The New American Story
- Author: Bill Bradley
- Language: English
- Genre: Non-fiction
- Publisher: Random House
- Publication date: March 27, 2007
- Publication place: United States
- ISBN: 978-1-4000-6507-3
- OCLC: 76416547
- Dewey Decimal: 973.931 22
- LC Class: JK275 .B69 2007

= The New American Story =

Book by US Senator Bill Bradley

The New American Story is a book written by former United States Senator and 2000 presidential hopeful, Bill Bradley, and first published on March 27, 2007. The book offers solutions to what it calls "the old American stories" about the economy, oil, entitlements, and party politics.

== Outline ==

In Section I, "The New American Story" Bradley discuss what he believes are the root assumptions that underlie longstanding social and economic problems in the United States.

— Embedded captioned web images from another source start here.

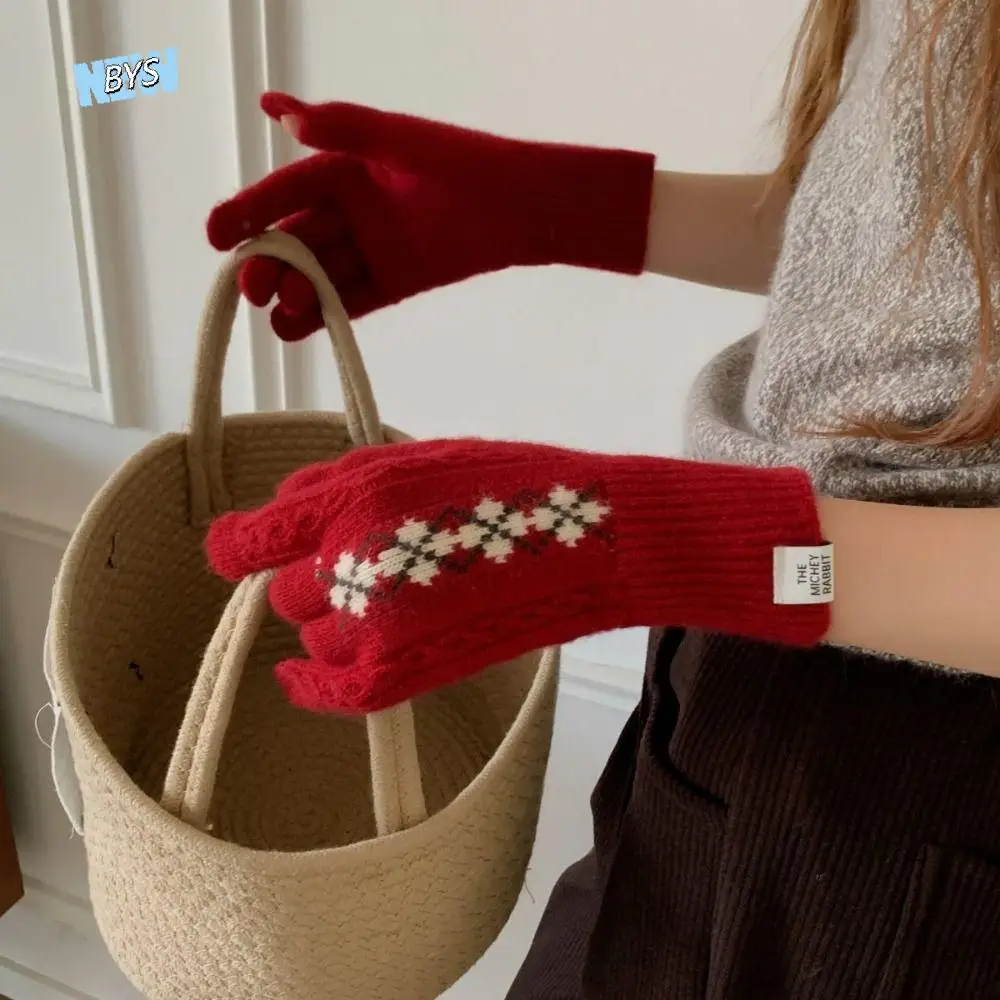 

Fair Island Style Winter Knitted Gloves Soft Red Crosshatched Pattern Wool Gloves Warm Korean Style Women Cycling Mittens Girls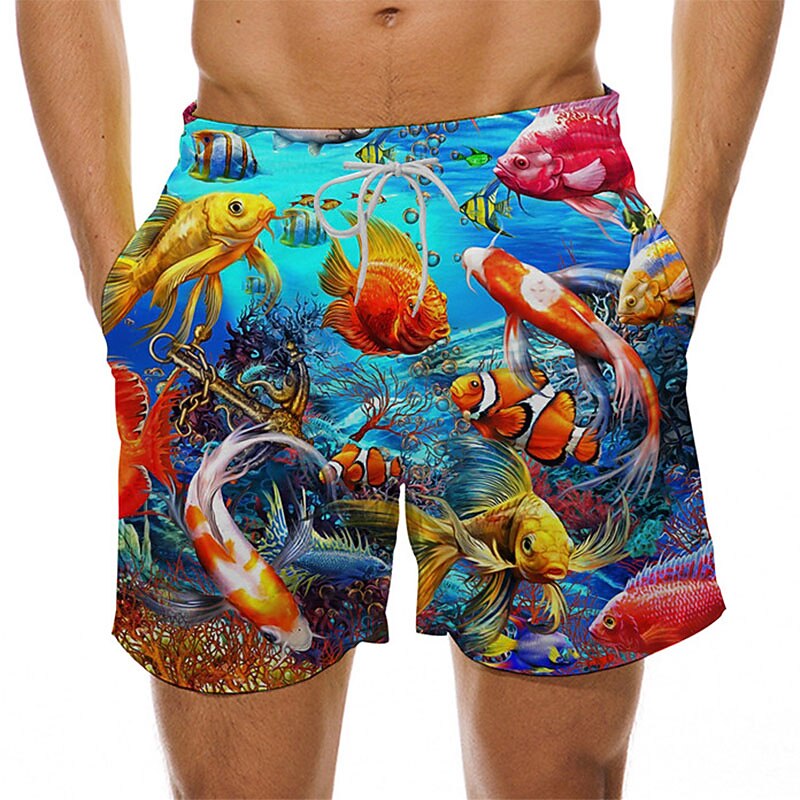 Men's Ocean Print Fish Swim Trunks Swim Shorts Board Shorts Hawaiian Holiday Drawstring with Mesh lining Elastic Waist Designer Clothing Apparel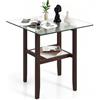 RELAX4LIFE Tavolino da Salotto Quadrato, Tavolino Moderno con Piano in Vetro Temperato, Struttura in Legno di Gomma, Tavolino Minimalista per Soggiorno, Appartamento, Ufficio, Marrone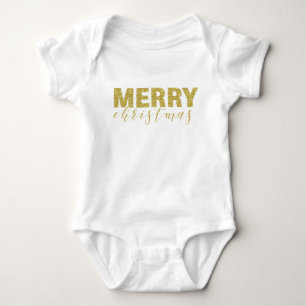 Glitter Merry Christmas Baby Bodysuit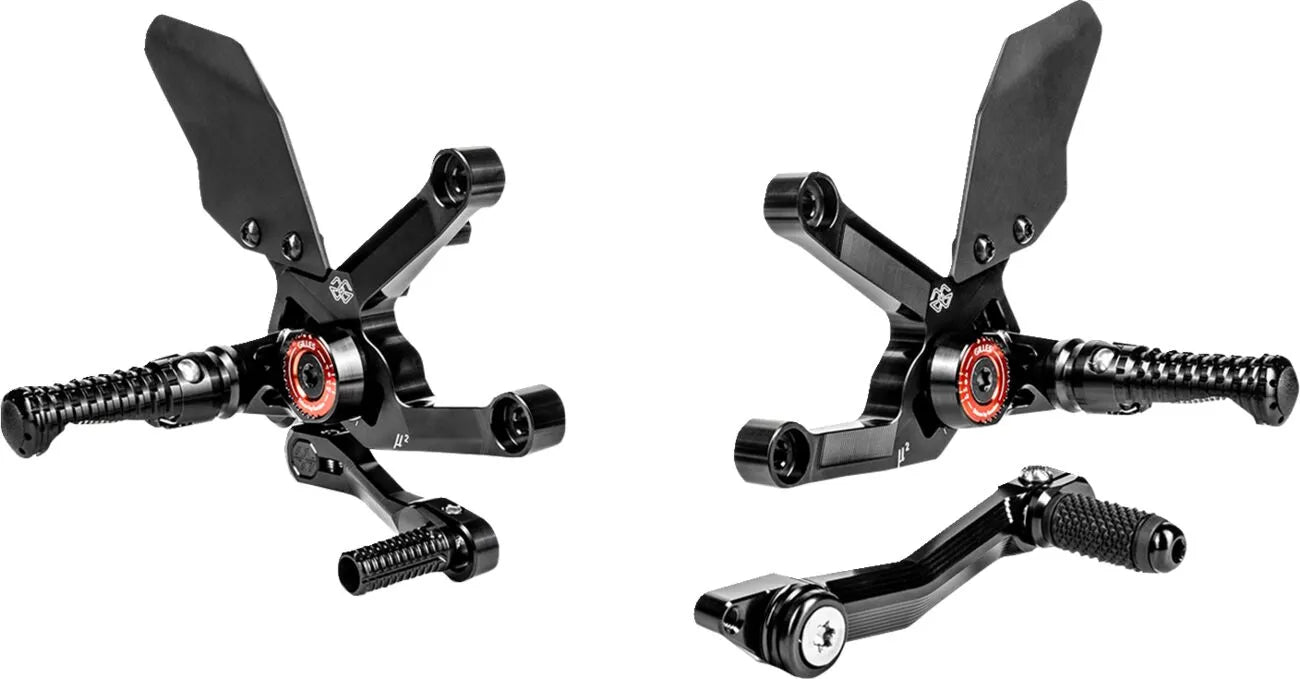 Gilles Tooling Mue2 Fußrastenanlage - Schwarz eloxiert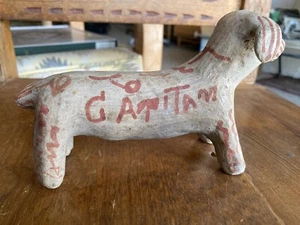 Antico cane animale vintage COCHITI Laguna?PUEBLO CERAMICA FIGURA NATIVI AMERICANI - Foto 1 di 14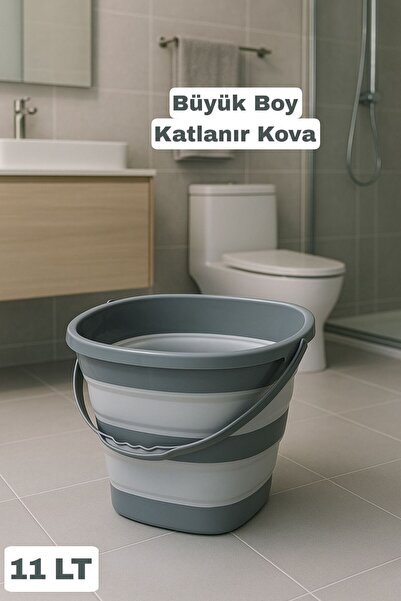 Funny Life Büyük Boy Katlanır Kova - Akordiyon Katlanabilir Su Kovası 11 LT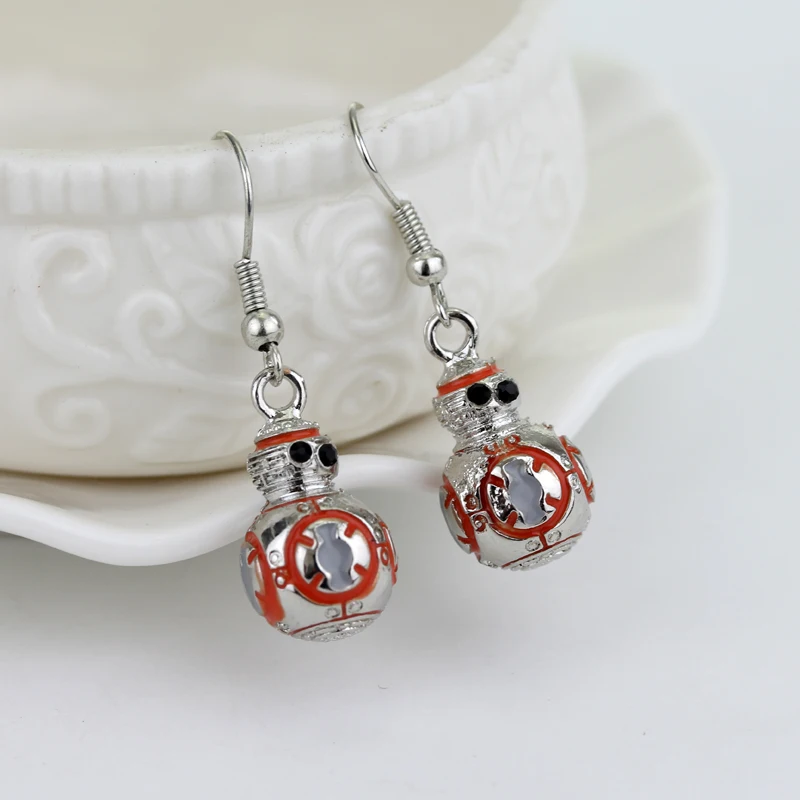 RJ фильм Звездные войны Пробуждение силы 3D робот BB8 серьги гвоздики Время Тернер Игра престолов для женщин Девушка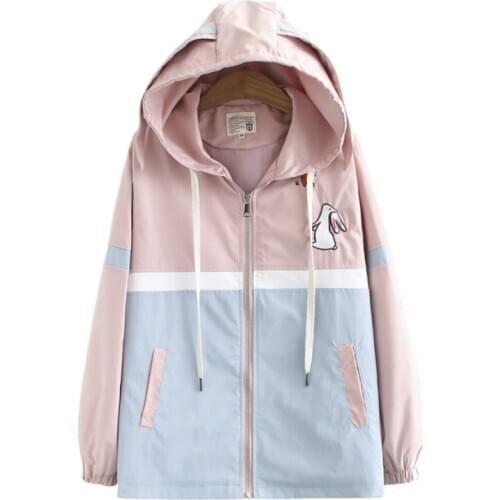 Cartoon Rabbit Embroidery Zipper Coat Sweet Style Loose Womens Hooded Jackets And Coats With Ears On Hood 2020 Summer Cute Tops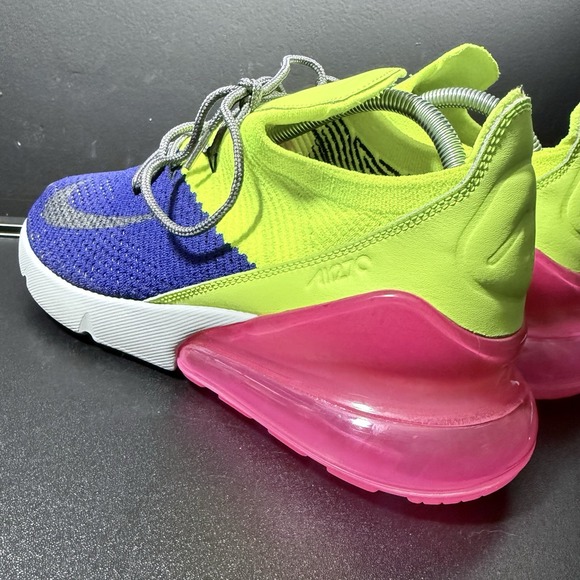 Nike Air Max 270 Flyknit Shoes Purple Volt Pink Mens Size 10 Shoe AO1023-501 - Picture 7 of 16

Section II, "The New Agenda", provides analysis of the national agendas on the economy, oil and the environment, pensions, health care, and education, with possible solutions to each problem.

Section III, "The Political Landscape", looks at party politics. Bradley retells both the Republican and Democratic party histories to explain why he believes neither party can take effective actions to solve problems.

In Section IV, "Realizing the Dream", Bradley proposes a new "ethic of connectedness" that calls for more Americans to get involved with politics and activism. According to the book, no problem is too big to be solved by the collective action of engaged individuals.